For the third time in less than a month, the government this week lost a multimillion-dollar case in which a federal judge concluded that a deal that saved a company large sums of taxes had a legitimate business purpose and thus was not an illegal tax shelter.
In two of the cases, the judges specifically told the Internal Revenue Service that if it has a problem with the outcomes, the solution lies with Congress, not the courts.
In the most recent case, a U.S. district judge in Connecticut determined Monday that an arrangement by which General Electric Co., through subsidiaries and partnerships, shifted $310 million in income to two Dutch banks that don't pay U.S. taxes was not a sham and, as a result, GE was entitled to a $62 million tax refund.
GE, which through its GE Capital subsidiary owned a large number of commercial airplanes that it leased to airlines, contributed those planes, along with some cash, to a partnership in which the Dutch banks participated. The banks got a large share of the rental income that would have been taxable to GE, and GE, the judge noted, got to "re-depreciate" the planes for tax purposes.
However, the judge held that the arrangement was a real business deal, since it helped GE accelerate income from the leases on the planes, as well as save on taxes. "In short," wrote Judge Stefan R. Underhill, "the transaction, though it sheltered a great deal of income from taxes, was legally permissible. Under such circumstances, the IRS should address its concerns to those who write the laws."
IRS Chief Counsel Donald Korb, in a statement yesterday, said, "We are disappointed by the opinion issued in this case.
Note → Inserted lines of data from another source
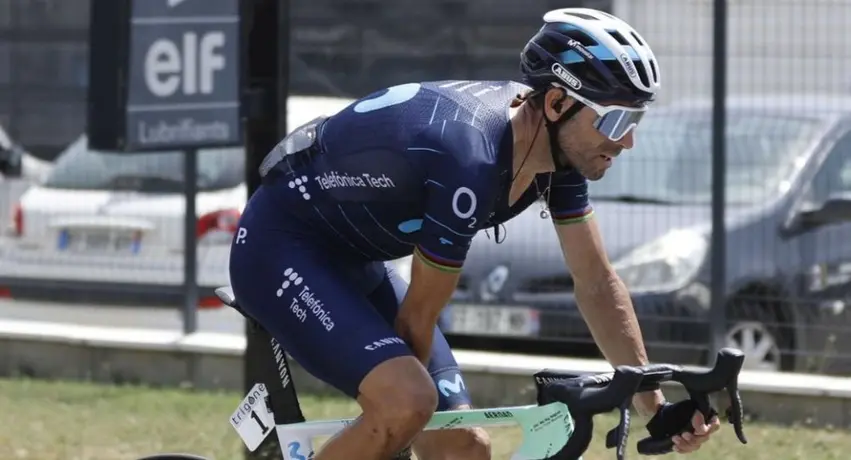 Alejandro Valverde y dos ciclistas más fueron atropellados; el coche se dio a la fuga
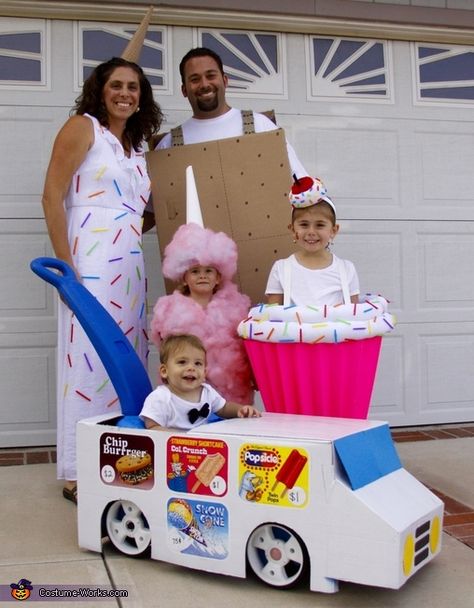 Group Halloween Costumes For Teens, Diy Family Halloween Costumes, Ice Cream Costume, Halloween Costumes For Big Kids, Costume Contest Winner, Halloween Ice Cream, Zombie Bride, Pretty Halloween, Diy Halloween Costumes Easy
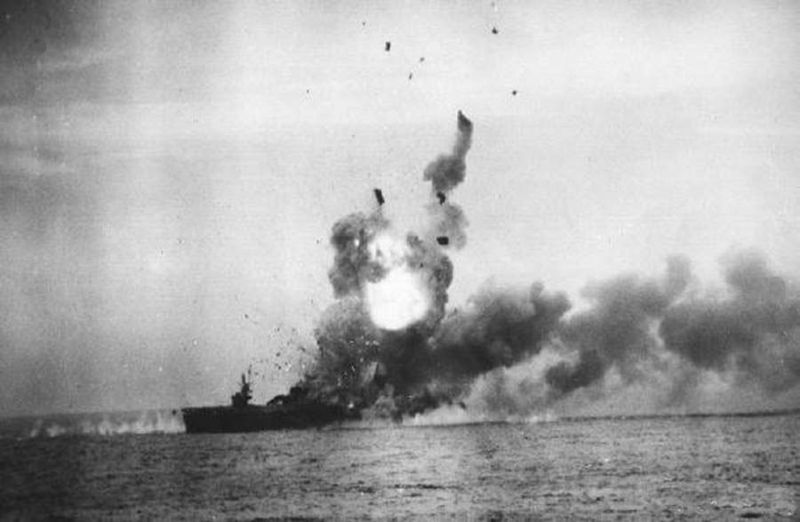 800px-St__Lo_First_Kamikaze_attack_sl1a.jpg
However, the Service has prevailed in the litigation of other [similar] cases and we remain confident of our position" based on the so-called economic substance doctrine, the idea that a business deal must have real non-tax consequences to be legitimate.
"A loss in one particular tax shelter case in which it is asserted does not undermine our confidence to use the doctrine, when appropriate, to attack tax shelters in other cases," Korb said.
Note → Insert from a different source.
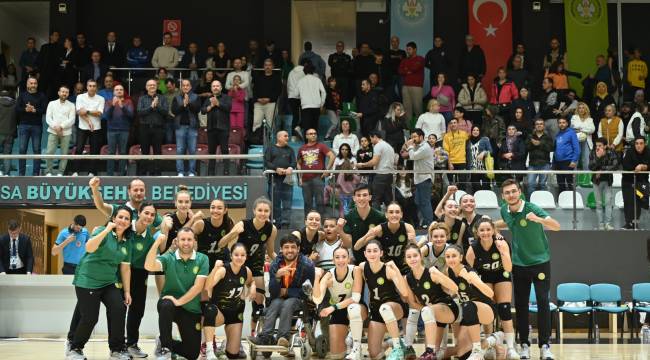 Büyükşehir’in Sultanları Bergama Belediyespor’a Set Vermedi: 3-0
"The court agreed with GE's interpretation of the tax rules," said John Oliver, spokesman for GE Commercial Finance.
The case comes on the heels of an $82 million defeat for the IRS in the U.S. Court of Federal Claims here last Friday.
In that case, Judge Susan G. Braden ruled valid an arrangement under which a company called Coltec Industries Inc. transferred contingent liabilities associated with asbestos claims against a subsidiary to an entity it created and then sold at a loss.
"The court has determined that where a taxpayer has satisfied all the statutory requirements established by Congress, as Coltec did in this case, the use of the 'economic substance' doctrine to trump 'mere compliance with the code' would violate the separation of powers," Braden wrote.
Two weeks ago, U.S. District Judge William D. Quarles Jr. in Maryland awarded Black & Decker Corp. a $57 million refund in a case in which the IRS accused the company of a sham transaction involving transfer of its employee health insurance claims to a new entity.
The IRS can appeal any and all of these cases, and while it has not said it will do so, Korb also said the agency "stands by its position on the contingent liability shelter."
"The challenge to this shelter will play out in a number of forums -- the United States Tax Court, district courts and the appellate courts," Korb said.